Wendell Lewis Willkie,Baylor School
UNSIFO | 2013-04-24 13:58

 

Wendell Lewis Willkie (/ˈwɛndəlˈluːɨsˈwɪlki/; February 18, 1892 – October 8, 1944) was a corporate lawyer in the United States and a dark horse who became the Republican Party nominee for president in 1940. A member of the liberal wing of the GOP, he crusaded against those domestic policies of the New Deal that he thought were inefficient and anti-business. Willkie, an internationalist, needed the votes of the large isolationist element, so he waffled on the bitterly debated issue of America's role in World War II, losing support from both sides. His opponent Franklin D. Roosevelt won the 1940 election with 55% of the popular vote and 85% of the electoral vote.
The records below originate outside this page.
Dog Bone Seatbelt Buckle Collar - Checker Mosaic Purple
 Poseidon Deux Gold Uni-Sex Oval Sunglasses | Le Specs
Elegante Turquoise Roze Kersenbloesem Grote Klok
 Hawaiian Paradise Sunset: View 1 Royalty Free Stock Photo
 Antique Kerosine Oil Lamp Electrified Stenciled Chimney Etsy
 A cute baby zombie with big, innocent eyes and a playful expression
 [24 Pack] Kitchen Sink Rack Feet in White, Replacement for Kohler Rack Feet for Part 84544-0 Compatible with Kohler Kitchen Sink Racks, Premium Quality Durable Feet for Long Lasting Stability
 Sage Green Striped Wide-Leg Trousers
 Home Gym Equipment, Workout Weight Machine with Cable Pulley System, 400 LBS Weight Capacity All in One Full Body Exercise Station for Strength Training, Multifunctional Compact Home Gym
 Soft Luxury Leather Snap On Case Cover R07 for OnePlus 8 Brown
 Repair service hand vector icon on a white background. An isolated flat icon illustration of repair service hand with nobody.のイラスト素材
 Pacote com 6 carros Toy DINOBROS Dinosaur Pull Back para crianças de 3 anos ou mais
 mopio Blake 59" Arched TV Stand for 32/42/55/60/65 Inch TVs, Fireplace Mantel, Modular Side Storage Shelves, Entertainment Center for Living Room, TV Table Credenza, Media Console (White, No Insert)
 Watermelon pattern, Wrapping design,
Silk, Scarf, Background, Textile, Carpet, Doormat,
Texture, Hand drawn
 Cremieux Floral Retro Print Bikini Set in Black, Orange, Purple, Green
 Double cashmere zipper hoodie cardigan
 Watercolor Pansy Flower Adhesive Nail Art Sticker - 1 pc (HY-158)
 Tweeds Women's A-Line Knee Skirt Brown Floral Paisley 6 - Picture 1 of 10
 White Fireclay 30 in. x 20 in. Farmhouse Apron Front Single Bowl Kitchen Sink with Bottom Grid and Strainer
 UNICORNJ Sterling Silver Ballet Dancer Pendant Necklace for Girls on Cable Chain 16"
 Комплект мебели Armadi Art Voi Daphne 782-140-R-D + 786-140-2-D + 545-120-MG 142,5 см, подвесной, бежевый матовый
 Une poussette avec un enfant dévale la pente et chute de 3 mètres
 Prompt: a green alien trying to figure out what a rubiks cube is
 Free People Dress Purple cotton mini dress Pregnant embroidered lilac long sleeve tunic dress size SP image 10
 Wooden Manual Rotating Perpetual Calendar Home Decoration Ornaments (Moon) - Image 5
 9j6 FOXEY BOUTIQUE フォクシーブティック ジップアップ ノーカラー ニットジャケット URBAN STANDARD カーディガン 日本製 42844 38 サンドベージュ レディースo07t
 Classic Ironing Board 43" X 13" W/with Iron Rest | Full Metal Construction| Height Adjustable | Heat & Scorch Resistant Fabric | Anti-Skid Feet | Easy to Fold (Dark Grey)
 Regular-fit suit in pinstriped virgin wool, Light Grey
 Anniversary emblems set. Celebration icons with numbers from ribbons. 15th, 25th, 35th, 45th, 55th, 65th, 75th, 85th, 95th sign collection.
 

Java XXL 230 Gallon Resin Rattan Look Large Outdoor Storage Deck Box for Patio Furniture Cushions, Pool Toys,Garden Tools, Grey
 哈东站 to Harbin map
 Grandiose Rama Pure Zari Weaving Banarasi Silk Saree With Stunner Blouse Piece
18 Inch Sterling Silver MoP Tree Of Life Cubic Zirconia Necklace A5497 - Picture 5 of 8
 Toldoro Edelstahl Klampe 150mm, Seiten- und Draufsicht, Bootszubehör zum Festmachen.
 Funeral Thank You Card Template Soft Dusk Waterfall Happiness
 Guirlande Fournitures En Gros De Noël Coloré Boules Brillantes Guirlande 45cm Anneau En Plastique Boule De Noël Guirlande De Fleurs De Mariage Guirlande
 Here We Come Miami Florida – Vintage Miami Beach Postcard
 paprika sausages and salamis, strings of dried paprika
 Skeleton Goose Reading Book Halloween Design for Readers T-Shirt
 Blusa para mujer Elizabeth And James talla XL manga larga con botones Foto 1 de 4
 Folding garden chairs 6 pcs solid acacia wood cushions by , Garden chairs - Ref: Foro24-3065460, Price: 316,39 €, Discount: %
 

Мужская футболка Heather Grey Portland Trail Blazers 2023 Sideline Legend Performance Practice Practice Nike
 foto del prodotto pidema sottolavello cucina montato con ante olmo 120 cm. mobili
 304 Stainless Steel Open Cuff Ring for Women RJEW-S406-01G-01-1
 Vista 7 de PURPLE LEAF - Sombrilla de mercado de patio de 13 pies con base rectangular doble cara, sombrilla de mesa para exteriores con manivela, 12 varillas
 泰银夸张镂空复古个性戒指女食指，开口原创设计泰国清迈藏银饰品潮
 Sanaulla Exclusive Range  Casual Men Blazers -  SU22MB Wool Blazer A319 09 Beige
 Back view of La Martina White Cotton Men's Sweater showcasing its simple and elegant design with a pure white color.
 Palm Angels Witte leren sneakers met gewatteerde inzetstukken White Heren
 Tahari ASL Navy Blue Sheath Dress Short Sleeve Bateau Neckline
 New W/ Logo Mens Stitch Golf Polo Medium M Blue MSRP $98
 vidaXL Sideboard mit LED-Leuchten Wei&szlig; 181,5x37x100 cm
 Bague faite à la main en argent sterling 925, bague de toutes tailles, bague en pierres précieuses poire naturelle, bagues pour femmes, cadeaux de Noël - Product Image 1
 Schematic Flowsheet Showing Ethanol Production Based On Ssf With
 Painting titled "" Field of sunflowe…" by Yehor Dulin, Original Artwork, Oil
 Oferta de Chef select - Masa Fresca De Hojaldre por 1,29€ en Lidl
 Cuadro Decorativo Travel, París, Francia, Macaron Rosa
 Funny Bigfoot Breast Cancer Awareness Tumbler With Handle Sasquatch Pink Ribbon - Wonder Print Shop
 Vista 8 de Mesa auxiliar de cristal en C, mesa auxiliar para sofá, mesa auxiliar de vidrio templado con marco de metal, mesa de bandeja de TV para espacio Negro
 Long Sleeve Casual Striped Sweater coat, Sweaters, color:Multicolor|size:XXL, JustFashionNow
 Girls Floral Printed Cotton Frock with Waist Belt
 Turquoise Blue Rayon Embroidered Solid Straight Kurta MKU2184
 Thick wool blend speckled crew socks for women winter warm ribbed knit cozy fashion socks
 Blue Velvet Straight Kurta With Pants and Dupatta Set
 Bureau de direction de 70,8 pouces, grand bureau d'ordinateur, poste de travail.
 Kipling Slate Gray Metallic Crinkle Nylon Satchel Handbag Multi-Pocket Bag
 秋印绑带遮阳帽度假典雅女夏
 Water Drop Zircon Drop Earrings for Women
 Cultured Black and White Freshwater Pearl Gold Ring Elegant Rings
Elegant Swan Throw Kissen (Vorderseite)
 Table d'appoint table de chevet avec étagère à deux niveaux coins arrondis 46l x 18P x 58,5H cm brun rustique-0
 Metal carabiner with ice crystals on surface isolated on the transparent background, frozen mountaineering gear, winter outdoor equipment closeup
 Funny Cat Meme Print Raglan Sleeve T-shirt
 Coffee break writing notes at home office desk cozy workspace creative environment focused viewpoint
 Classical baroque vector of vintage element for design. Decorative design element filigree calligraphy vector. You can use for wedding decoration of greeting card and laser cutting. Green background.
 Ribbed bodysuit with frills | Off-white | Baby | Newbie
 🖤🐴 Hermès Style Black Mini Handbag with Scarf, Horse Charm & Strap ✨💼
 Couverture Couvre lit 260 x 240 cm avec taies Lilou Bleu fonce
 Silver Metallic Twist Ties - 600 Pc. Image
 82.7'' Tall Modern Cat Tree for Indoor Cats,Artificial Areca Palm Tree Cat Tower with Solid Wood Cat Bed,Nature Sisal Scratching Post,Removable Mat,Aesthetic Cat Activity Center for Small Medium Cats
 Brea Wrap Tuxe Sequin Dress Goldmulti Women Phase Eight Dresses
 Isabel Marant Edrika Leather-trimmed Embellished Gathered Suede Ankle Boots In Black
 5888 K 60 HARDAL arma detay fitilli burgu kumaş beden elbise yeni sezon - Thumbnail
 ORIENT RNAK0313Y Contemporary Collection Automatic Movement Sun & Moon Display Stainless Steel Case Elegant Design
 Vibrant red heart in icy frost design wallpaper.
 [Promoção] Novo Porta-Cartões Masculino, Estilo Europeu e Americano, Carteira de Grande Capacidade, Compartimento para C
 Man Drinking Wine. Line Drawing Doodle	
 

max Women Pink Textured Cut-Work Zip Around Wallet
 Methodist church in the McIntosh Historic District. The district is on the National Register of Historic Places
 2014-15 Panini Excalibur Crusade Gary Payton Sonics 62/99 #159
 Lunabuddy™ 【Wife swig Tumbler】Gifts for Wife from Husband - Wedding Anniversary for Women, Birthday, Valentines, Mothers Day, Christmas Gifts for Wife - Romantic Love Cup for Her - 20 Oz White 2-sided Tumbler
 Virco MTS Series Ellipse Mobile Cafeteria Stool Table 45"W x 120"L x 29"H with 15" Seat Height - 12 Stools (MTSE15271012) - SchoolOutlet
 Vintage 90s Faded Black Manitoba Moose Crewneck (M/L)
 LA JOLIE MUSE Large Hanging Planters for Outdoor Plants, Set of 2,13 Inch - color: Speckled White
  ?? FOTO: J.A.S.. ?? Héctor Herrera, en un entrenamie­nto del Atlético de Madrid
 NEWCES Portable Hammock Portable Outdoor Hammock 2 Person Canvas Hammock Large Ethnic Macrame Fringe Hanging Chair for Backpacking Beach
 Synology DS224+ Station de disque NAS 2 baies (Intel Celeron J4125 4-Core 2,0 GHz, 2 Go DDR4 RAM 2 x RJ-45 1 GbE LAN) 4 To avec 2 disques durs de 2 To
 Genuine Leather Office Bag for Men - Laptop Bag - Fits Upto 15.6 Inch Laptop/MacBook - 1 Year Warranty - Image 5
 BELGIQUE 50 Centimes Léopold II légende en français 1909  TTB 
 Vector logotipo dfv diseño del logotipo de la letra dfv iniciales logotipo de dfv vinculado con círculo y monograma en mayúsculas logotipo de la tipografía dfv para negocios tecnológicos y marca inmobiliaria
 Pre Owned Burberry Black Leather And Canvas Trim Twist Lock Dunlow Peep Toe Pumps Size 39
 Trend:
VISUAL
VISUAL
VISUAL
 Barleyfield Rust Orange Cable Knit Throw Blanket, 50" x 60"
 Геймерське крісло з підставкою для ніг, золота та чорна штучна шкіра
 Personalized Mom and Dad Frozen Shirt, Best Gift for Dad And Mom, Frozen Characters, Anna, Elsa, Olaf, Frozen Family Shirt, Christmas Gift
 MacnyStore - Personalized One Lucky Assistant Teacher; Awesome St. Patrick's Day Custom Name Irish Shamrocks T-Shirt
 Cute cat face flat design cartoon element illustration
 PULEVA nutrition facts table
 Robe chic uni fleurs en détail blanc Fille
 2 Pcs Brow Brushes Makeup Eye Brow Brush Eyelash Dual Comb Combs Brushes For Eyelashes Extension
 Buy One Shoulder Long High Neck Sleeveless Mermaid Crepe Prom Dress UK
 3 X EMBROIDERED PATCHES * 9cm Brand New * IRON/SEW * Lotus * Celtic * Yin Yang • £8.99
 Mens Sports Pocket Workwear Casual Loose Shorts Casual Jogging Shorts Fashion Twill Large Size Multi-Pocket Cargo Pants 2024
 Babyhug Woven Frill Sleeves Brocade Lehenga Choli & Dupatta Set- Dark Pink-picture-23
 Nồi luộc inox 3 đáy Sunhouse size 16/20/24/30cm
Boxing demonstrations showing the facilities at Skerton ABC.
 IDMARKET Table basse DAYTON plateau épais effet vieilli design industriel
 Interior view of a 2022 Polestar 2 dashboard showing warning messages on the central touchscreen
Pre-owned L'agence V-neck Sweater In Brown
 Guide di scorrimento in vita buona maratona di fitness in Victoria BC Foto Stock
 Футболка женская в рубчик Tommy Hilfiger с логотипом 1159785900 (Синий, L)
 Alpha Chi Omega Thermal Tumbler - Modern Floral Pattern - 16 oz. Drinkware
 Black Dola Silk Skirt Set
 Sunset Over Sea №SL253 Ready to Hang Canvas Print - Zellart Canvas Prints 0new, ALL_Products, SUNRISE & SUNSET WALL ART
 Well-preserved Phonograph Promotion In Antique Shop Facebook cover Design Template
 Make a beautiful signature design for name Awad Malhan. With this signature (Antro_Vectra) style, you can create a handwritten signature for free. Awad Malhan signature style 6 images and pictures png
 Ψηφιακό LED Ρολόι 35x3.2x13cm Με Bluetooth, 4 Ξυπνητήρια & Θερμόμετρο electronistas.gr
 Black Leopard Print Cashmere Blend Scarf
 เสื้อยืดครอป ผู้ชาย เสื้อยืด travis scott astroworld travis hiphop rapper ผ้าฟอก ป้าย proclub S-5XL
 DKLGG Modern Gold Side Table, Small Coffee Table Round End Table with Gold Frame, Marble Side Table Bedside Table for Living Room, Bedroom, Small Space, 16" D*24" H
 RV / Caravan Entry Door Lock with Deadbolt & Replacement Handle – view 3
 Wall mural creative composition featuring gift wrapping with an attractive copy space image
Afterward, Roosevelt found Willkie to be compatible politically with his plans and brought him aboard as an informal ambassador-at-large. Willkie criss-crossed the globe on the former army bomber The Gulliver, bringing home a vision of "One World" freed from imperialism and colonialism. Following his journeys Willkie wrote One World; a bestselling account of his travels and meetings with the Allied heads of state, as well as ordinary citizens and soldiers in regions such as Russia and Iran. His liberalism lost him supporters in the GOP and he dropped out of the 1944 race, then died of a heart attack. He never held political office.

Early life
Education and early career
Willkie's house in Rushville

Willkie was born and raised in Elwood, Indiana, the son of Herman Willkie, a German immigrant from Aschersleben whose family name originally was "Willcke", and his wife Henrietta Trisch. Both of his parents were lawyers in Elwood, his mother being one of the first women admitted to the bar in Indiana. He was named Lewis Wendell Willkie, but among his friends and family he was called by his middle name, Wendell.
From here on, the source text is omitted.